* WHAT TO DO
Print exactly, and only, the lines from the one containing "Momen Mendag Zulhas" through the last line of the records below, both included; leave out the pictures.

* PROVIDED RECORDS

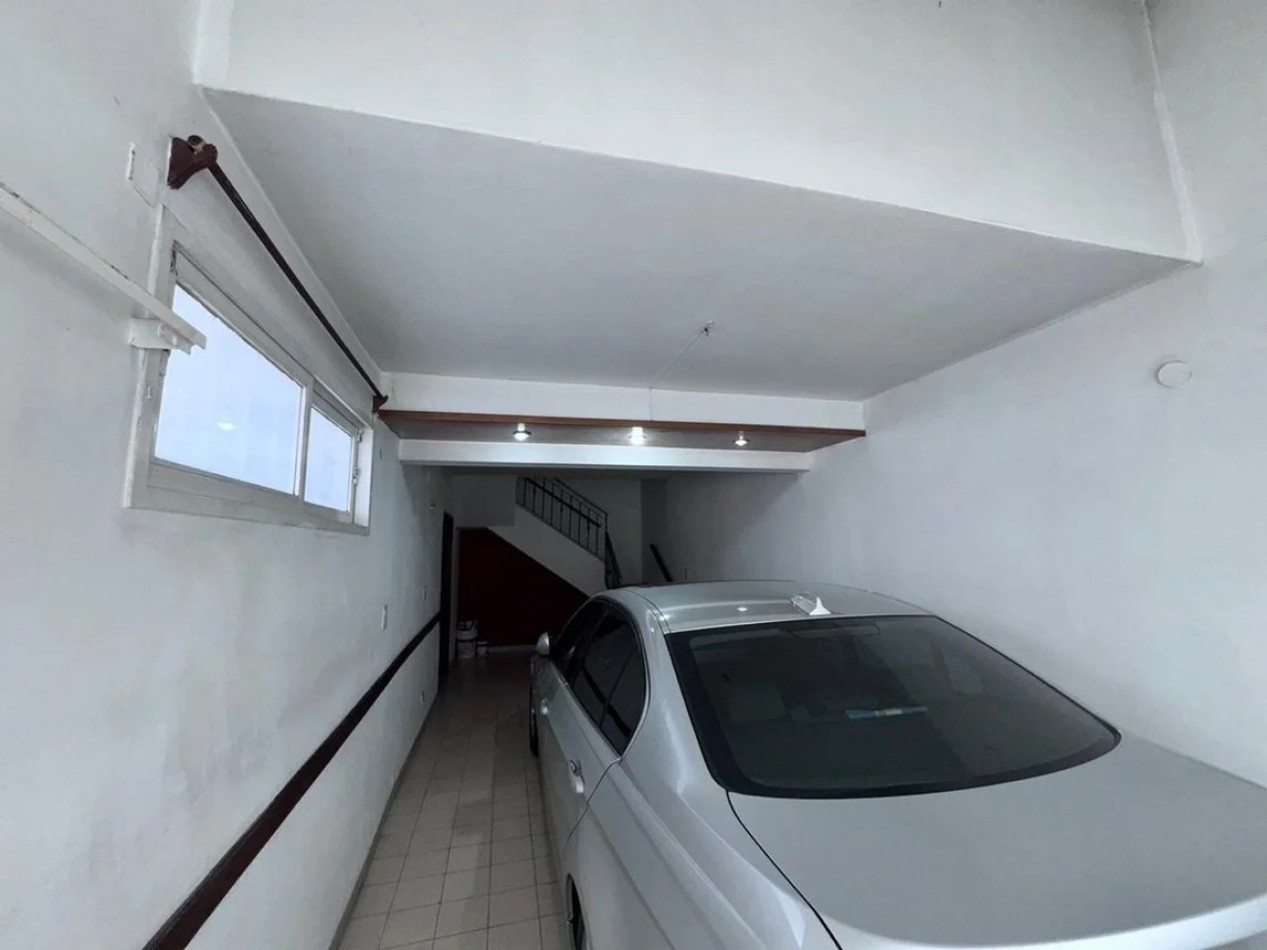 IMPECABLE PH AL FRENTE C/PILETA Y DOBLE COCHERA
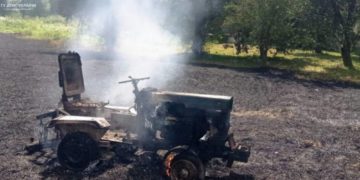 У пожежі на Тернопільщині згорів трактор та півтора гектара післяжнивних залишків
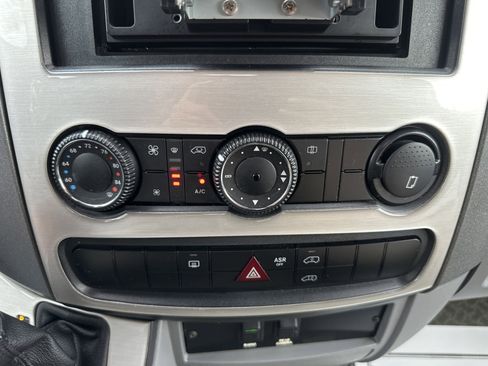 Used 2012 Mercedes-Benz Sprinter 3500 image 17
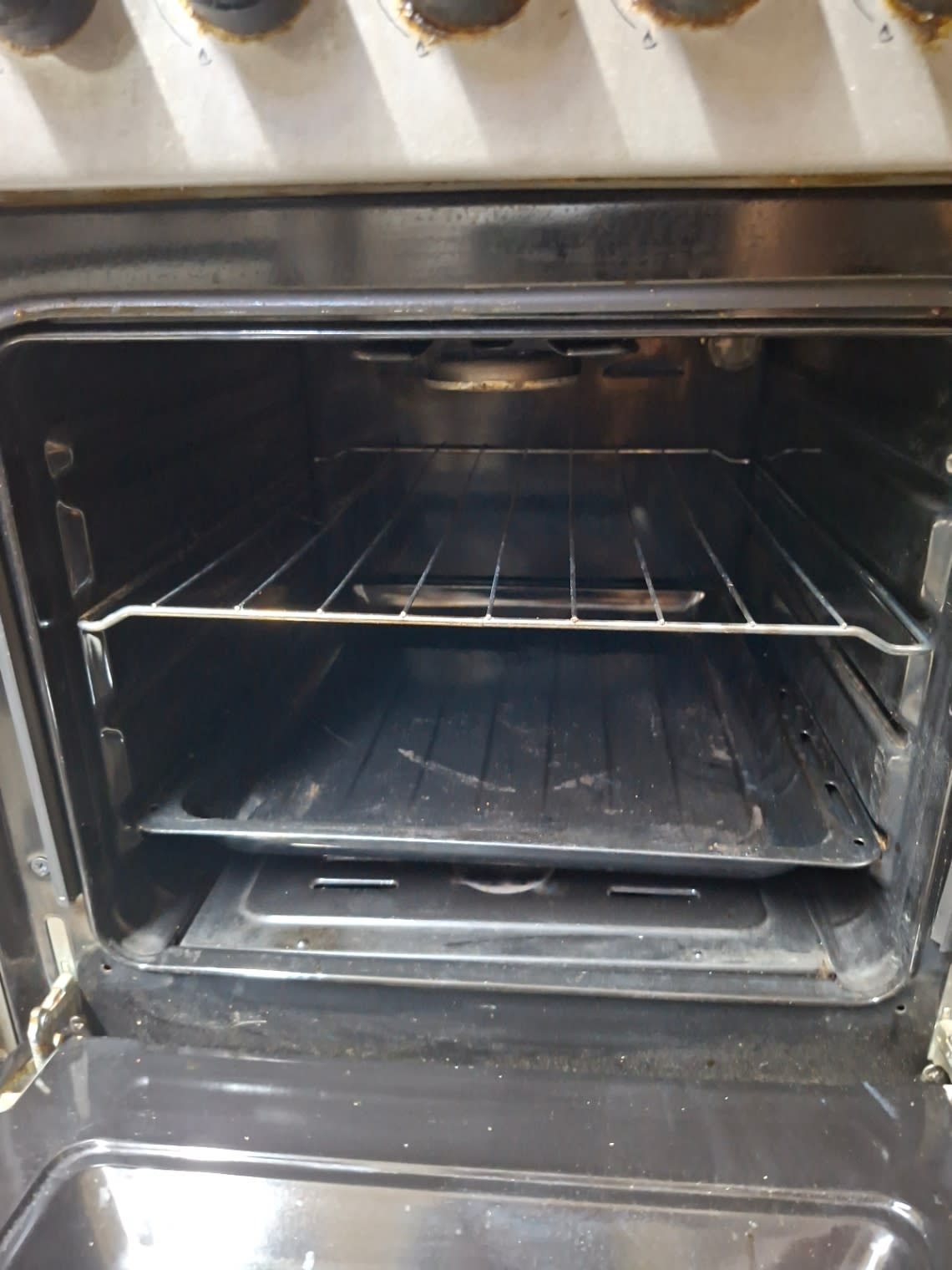 4-Burner Gas Cooker with Oven 3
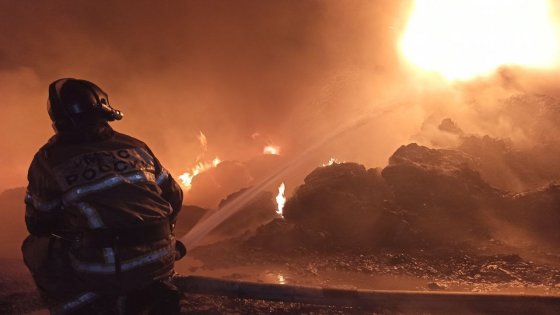 В Екатеринбурге ночью на площади 750 кв. метров горел ангар на улице Комсомольской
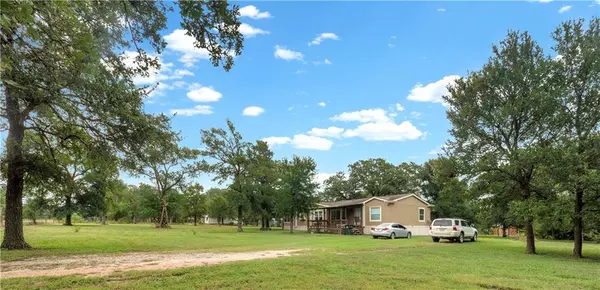 161 Misty LN, Cedar Creek, TX 78612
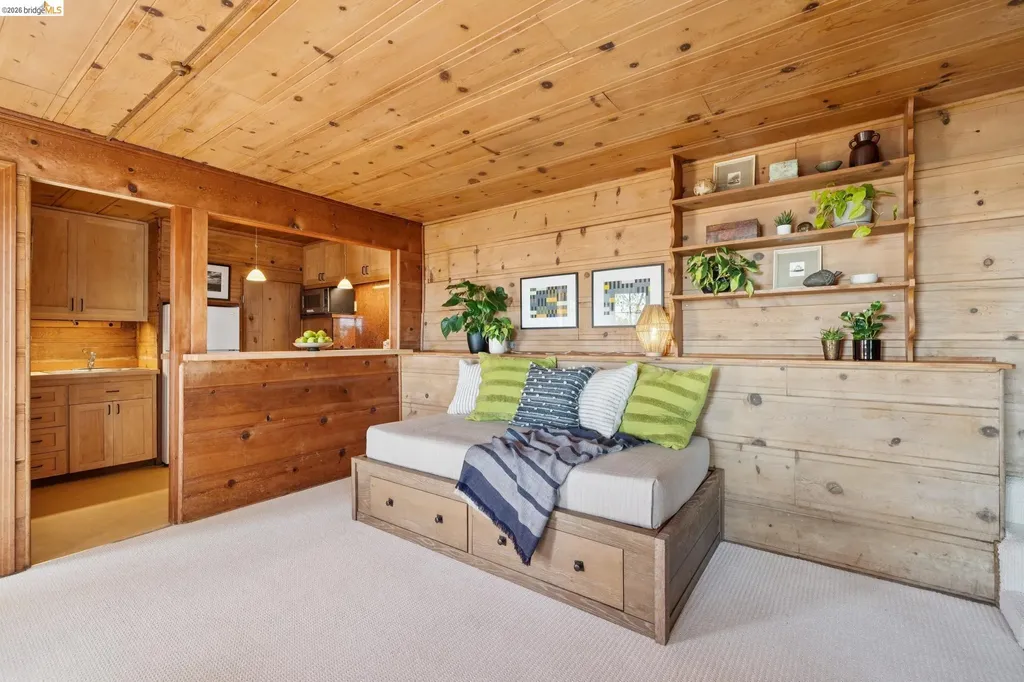 706 Hilldale Avenue Berkeley CA 94708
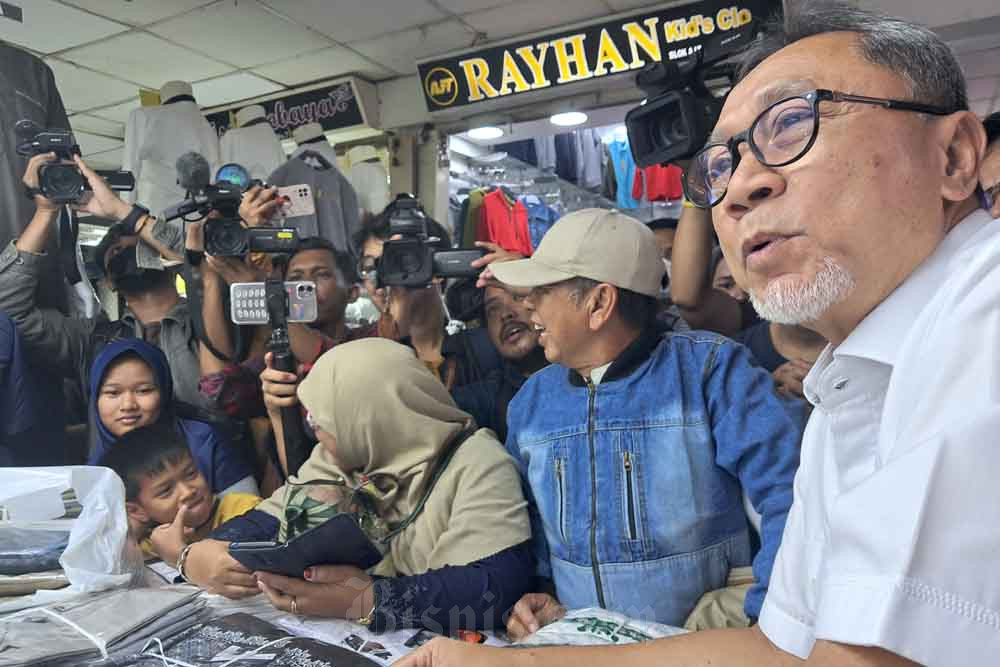  Momen Mendag Zulhas Blusukan ke Tanah Abang, Bawa Segepok Uang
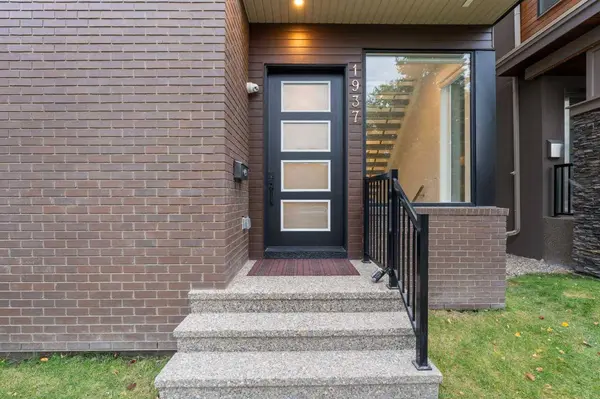 1937 44 AVE SW, Calgary, AB T2T 2N7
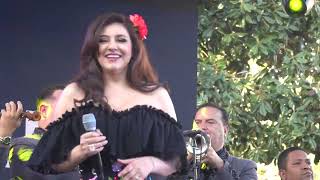 Gracielita Beltrán: Emocionante Interpretación de El Sauz y La Palma en Fiesta Broadway Los Angeles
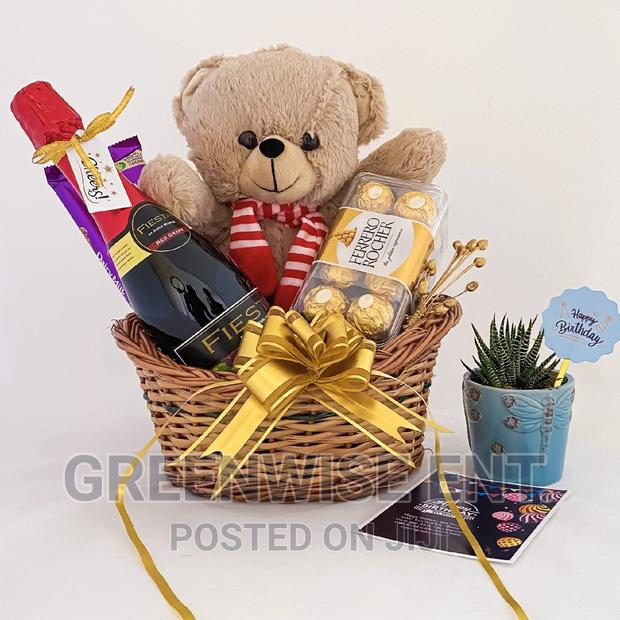 Ultimate Birthday Bliss Hamper · Photo 2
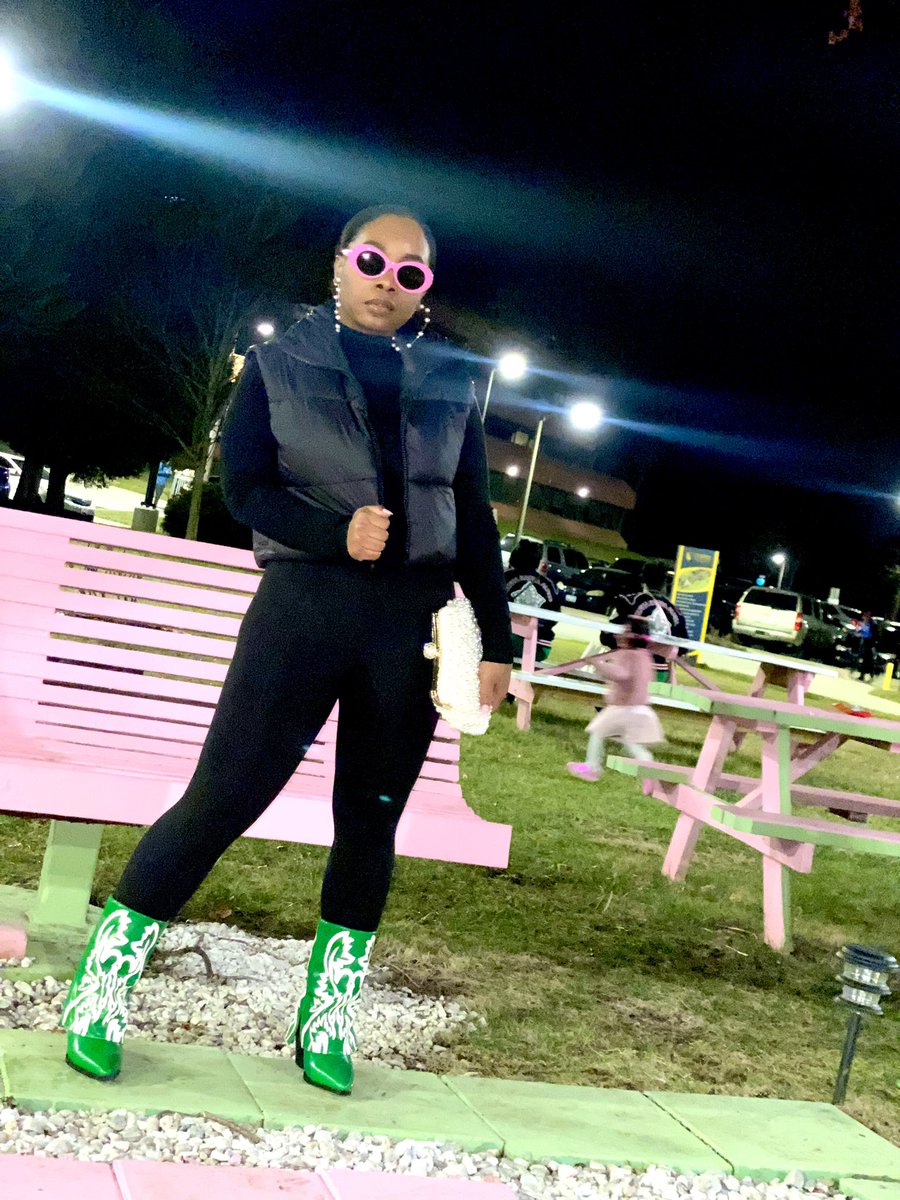 _TinyAllure's tweet photo. homEKoming owes me nothing! 💕💚 that girl Tiny! https://t.co/Oa11L9q6Ga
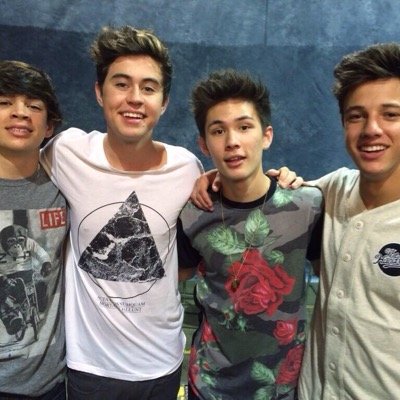 follow @regaldallas since i gave you a free follow it means alot thank you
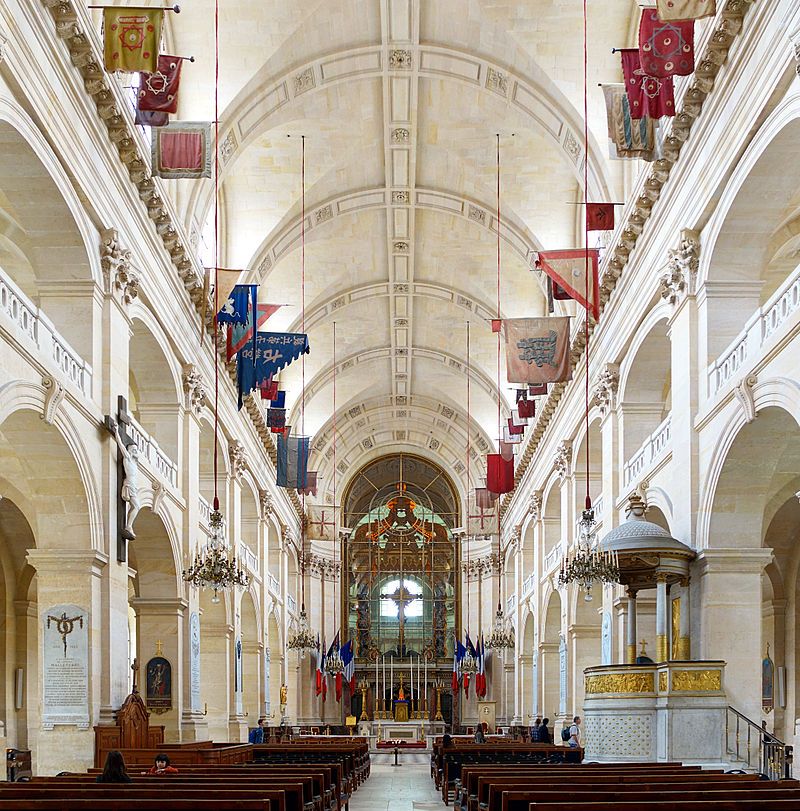 Nef de la cathédrale Saint-Louis des Invalides
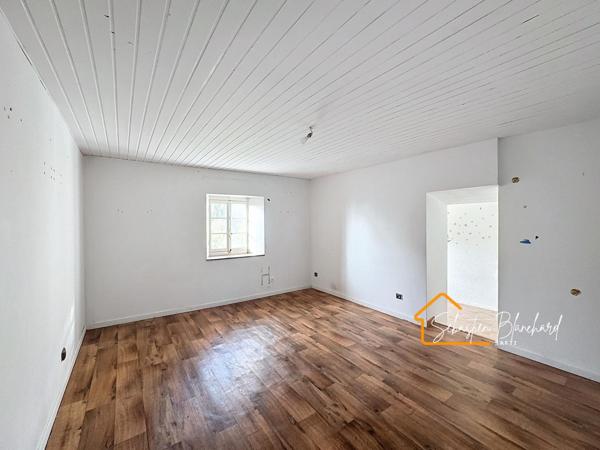 Maison à rénover de 87m2 et grange attenante 180m2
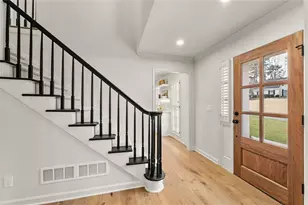 1036 Redfield Terrace, Dunwoody, GA 30338 - Photo 4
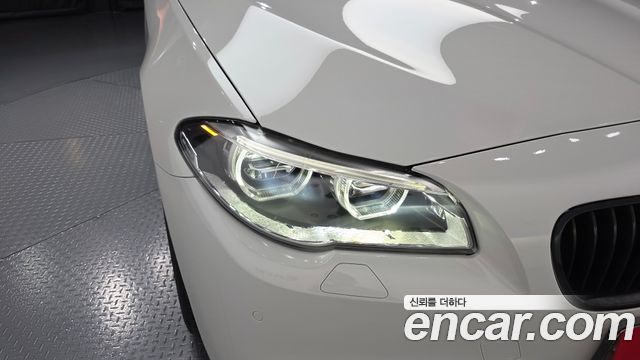 BMW 5-Series 2016 — photo 8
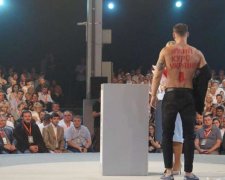 Стриптиз для Тимошенко: хлопець пояснив, куди засунув "новий курс"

* RESPONSE TO THE TASK
  Momen Mendag Zulhas Blusukan ke Tanah Abang, Bawa Segepok Uang
 1937 44 AVE SW, Calgary, AB T2T 2N7
 Gracielita Beltrán: Emocionante Interpretación de El Sauz y La Palma en Fiesta Broadway Los Angeles
 Ultimate Birthday Bliss Hamper · Photo 2
 _TinyAllure's tweet photo. homEKoming owes me nothing! 💕💚 that girl Tiny! https://t.co/Oa11L9q6Ga
 follow @regaldallas since i gave you a free follow it means alot thank you
 Nef de la cathédrale Saint-Louis des Invalides
 Maison à rénover de 87m2 et grange attenante 180m2
 1036 Redfield Terrace, Dunwoody, GA 30338 - Photo 4
 BMW 5-Series 2016 — photo 8
 Стриптиз для Тимошенко: хлопець пояснив, куди засунув "новий курс"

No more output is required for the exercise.